Scientists have taken an important step toward using CRISPR-Cas9 genome-editing to cure sickle cell disease, repairing the disease-causing mutation in blood-forming cells taken from patients. Some edited cells, injected into lab mice, both survived in the animals’ bone marrow and turned into red blood cells — a hint that CRISPR’d cells would would produce healthy hemoglobin in people. This is the first such experiment to get levels of healthy hemoglobin that might be high enough to cure patients.

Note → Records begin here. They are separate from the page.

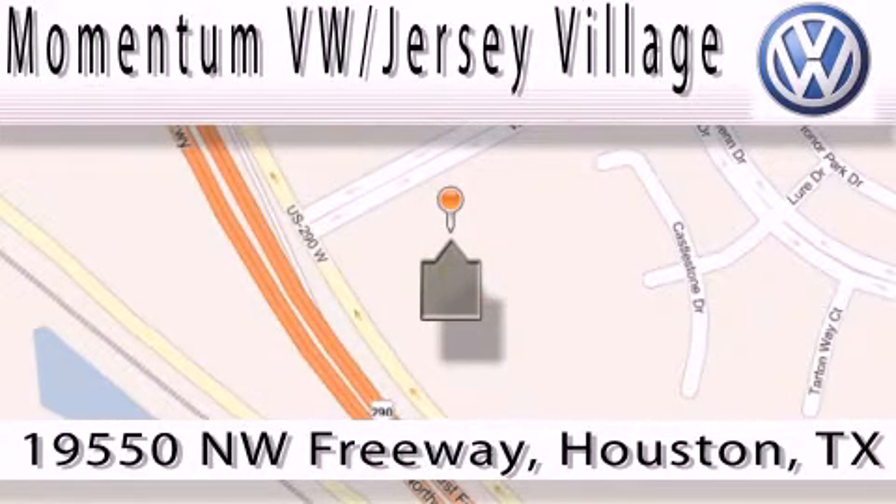Contact our internet department today or stop on by. We're easy to find — just take 290 West to the Eldridge Parkway exit.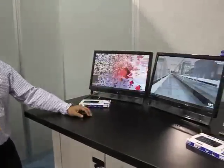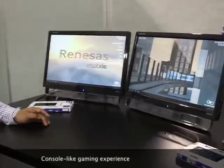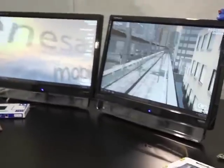Over here we are seeing the gaming quality. This is the quality that you see in our mobile platform.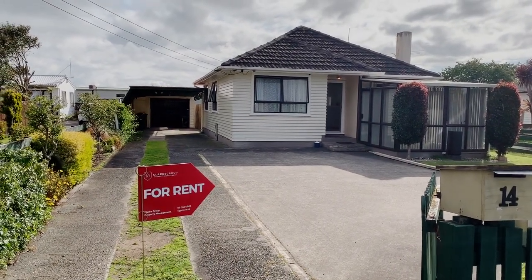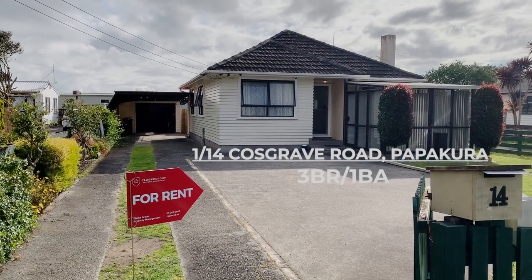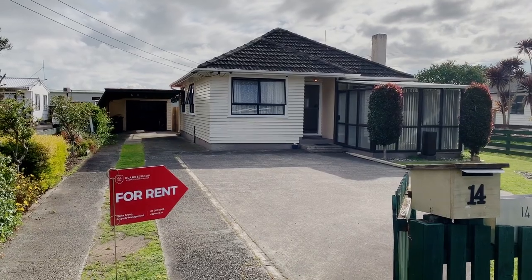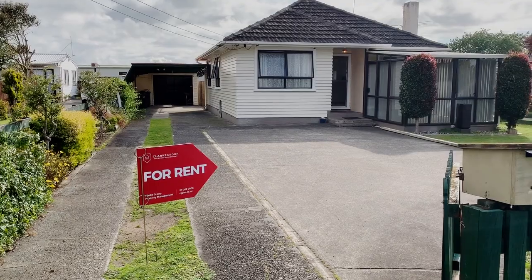Hey guys, here we are outside 1 Bar 14 Cosgrave Road in Papakura. In front of us we've got this beautiful 3 bedroom, 1 bathroom house. It's got this nice water feature in front, and a sunroom with huge ample off-street parking available, and a nice garage.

READ MORE ON STAT | IN THE LAB
Ref: Selection-free genome editing of the sickle mutation in human adult hematopoietic stem/progenitor cells. Science Translational Medicine (12 October 2016) | DOI: 10.1126/scitranslmed.aaf9336
Genetic diseases of blood cells are prime candidates for treatment through ex vivo gene editing of CD34+ hematopoietic stem/progenitor cells (HSPCs), and a variety of technologies have been proposed to treat these disorders. Sickle cell disease (SCD) is a recessive genetic disorder caused by a single-nucleotide polymorphism in the β-globin gene (HBB). Sickle hemoglobin damages erythrocytes, causing vasoocclusion, severe pain, progressive organ damage, and premature death. We optimize design and delivery parameters of a ribonucleoprotein (RNP) complex comprising Cas9 protein and unmodified single guide RNA, together with a single-stranded DNA oligonucleotide donor (ssODN), to enable efficient replacement of the SCD mutation in human HSPCs. Corrected HSPCs from SCD patients produced less sickle hemoglobin RNA and protein and correspondingly increased wild-type hemoglobin when differentiated into erythroblasts. When engrafted into immunocompromised mice, ex vivo treated human HSPCs maintain SCD gene edits throughout 16 weeks at a level likely to have clinical benefit. These results demonstrate that an accessible approach combining Cas9 RNP with an ssODN can mediate efficient HSPC genome editing, enables investigator-led exploration of gene editing reagents in primary hematopoietic stem cells, and suggests a path toward the development of new gene editing treatments for SCD and other hematopoietic diseases.